The 60-day period will expire Sept. 27. Medley Capital's special committee retained Houlihan Lokey as its adviser to review proposals from competing companies.
Under the terms of the original deal announced August 2018, Sierra Income will acquire both Medley Capital and Medley Management. Medley Capital shareholders were supposed to receive 0.8050 of a Sierra Income common share for each stock they own, while Medley Management class A stockholders were set to receive 0.3836 of a Sierra Income common stock, $3.44 per share of cash consideration and a special cash dividend of 65 cents per share. Medley LLC unitholders were supposed to have their units converted to Medley Management class A common stock and receive 0.3836 of a Sierra Income common share, $3.44 per share of cash consideration and a special cash dividend of 35 cents per share.

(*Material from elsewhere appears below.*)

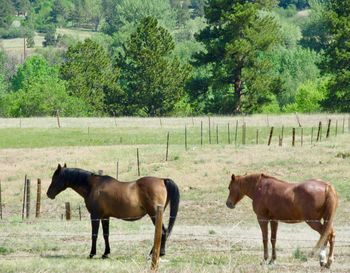 Horses in a field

However, the three companies recently agreed to cut the deal terms. Medley Capital stockholders will now receive 0.66 to 0.68 of a Sierra Income common stock, while Medley Management class A stockholders will now receive 0.2668 of a Sierra Income common share per Medley Management class A stock and $2.96 per share of cash consideration. Unitholders of Medley LLC agreed to convert their units into class A common shares of Medley Management and will now receive 0.2072 of a Sierra Income common share per Medley Management class A stock and $2.66 per share of cash consideration.
If the deal pushes through, Sierra Income would become the seventh-largest publicly traded business development company.
Other companies have stepped in, claiming to have better terms. NexPoint Advisors LP and Marathon Asset Management LP have each offered to be Medley Capital's external investment adviser, pointing out various negatives in the existing agreement.
The Court of Chancery of the State of Delaware in March had ruled Medley Capital's board breached their fiduciary duties in entering into the deal, but it also rejected plaintiffs' arguments that Sierra Income aided the directors in the matter. The court also denied the plaintiffs' request to permanently enjoin the proposed deal.